Remix.run Logo
srean 5 hours ago

That has not been my experience though, apart from the need of standard data hygiene that one has to maintain for any ML exercise.

Normalising the numeric features to a common range has been adequate. This too is strictly not necessary for DTs, but pretty much mandatory for linear models. (DTs are very robust to scale differences among features, linear models quite vulnerable to the same.)

One can think of each tree path from root to leaf as a data driven formulation/synthesis of a higher level feature built out of logical conjunctions ('AND' operation).

These auto-synthesized / discovered features are then ORed at the top. DTs are good at capturing multi-feature interactions that single layer linear models can't.

NNs certainly synthesize higher level features, but what does not get highlighted enough is that learning-theory motivated Adaboost algorithm and it's derivatives do that too.

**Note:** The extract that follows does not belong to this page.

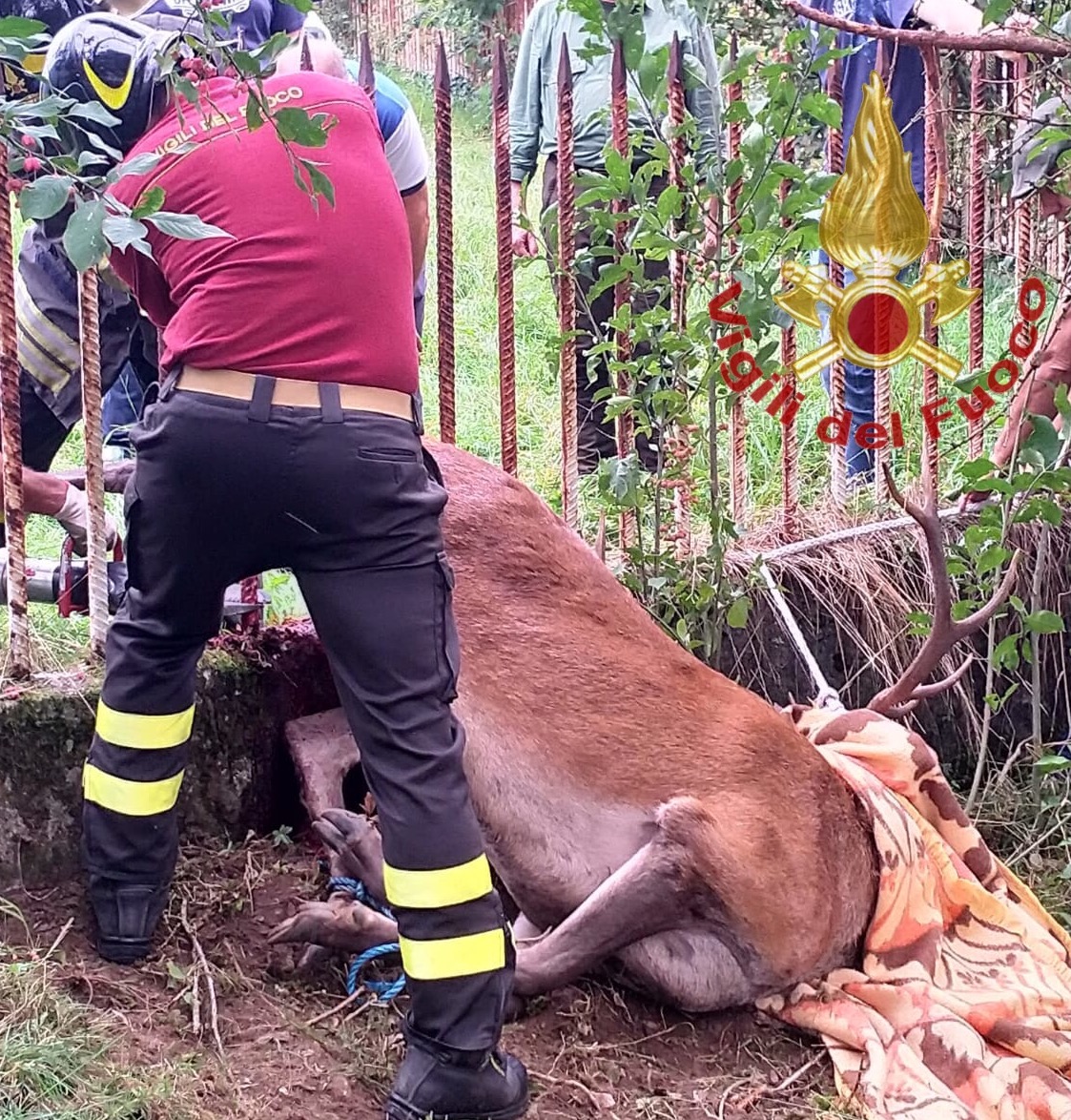 Vigili del fuoco salvano cervo infilzato su una recinzione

Their modus operandi is "BYOWC, bring your own weak classifier, I will reweigh the data in such a way that your unmodified classifier will discover a higher level feature on its own. Later you can combine these higher features linearly, by voting, or by averaging".

I personally favor differentiable models over trees, but have to give credit where it's due, DTs work great.

What leaves me intellectually unsatisfied about decision trees is that the space of trees cannot be searched in any nice principled way.

Or to describe in terms of feature discovery, in DT, there's no notion of progressing smoothly towards better high level features that track the end goal at every step of this synthesis (in fact greedy hill climbing hurts performance in the case of decision trees). DTs use a combinatorial search over the feature space partitioning, essentially by trial and error.

Neural nets have a smooth way of devising these higher level features informed by the end goal. Roll infinitesimally in the direction of steepest progress -- that's so much more satisfying than trial and error.

As for classification performance where DT have struggled are cases where columns are sparse (low entropy to begin with).

Another weakness of DT is the difficulty of achieving high throughput runtime performance, unless the DT is compiled into machine code. Walking a runtime tree structure with not so predictable branching probabilities that doe'snt run very fast on our standard machines. Compared to DNNs though this is a laughable complaint, throughput of DTs are an order of one or two faster.